Segment Start: Entries provided

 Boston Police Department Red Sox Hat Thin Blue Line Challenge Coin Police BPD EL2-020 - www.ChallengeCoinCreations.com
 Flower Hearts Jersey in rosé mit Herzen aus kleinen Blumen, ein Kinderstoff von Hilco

Segment End: Entries provided
Segment Start: Entries provided

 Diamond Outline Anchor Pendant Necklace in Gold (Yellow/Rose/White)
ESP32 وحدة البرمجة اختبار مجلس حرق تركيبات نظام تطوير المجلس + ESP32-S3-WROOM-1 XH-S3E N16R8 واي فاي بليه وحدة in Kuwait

Segment End: Entries provided
Segment Start: Entries provided

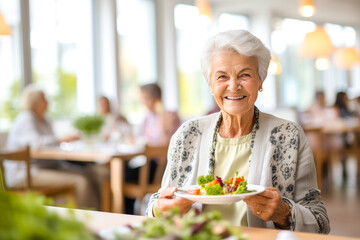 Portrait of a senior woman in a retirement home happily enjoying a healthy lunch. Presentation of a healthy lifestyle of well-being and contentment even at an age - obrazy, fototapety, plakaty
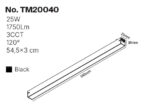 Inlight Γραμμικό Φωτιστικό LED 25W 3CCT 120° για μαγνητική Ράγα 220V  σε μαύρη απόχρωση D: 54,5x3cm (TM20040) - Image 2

Segment End: Entries provided

**Your goal:** Using the entries above, return exactly the lines from the line with "Boston Police Department" to the line with "Flower Hearts Jersey", counting both of those lines.

**Response below:**
 Boston Police Department Red Sox Hat Thin Blue Line Challenge Coin Police BPD EL2-020 - www.ChallengeCoinCreations.com
 Flower Hearts Jersey in rosé mit Herzen aus kleinen Blumen, ein Kinderstoff von Hilco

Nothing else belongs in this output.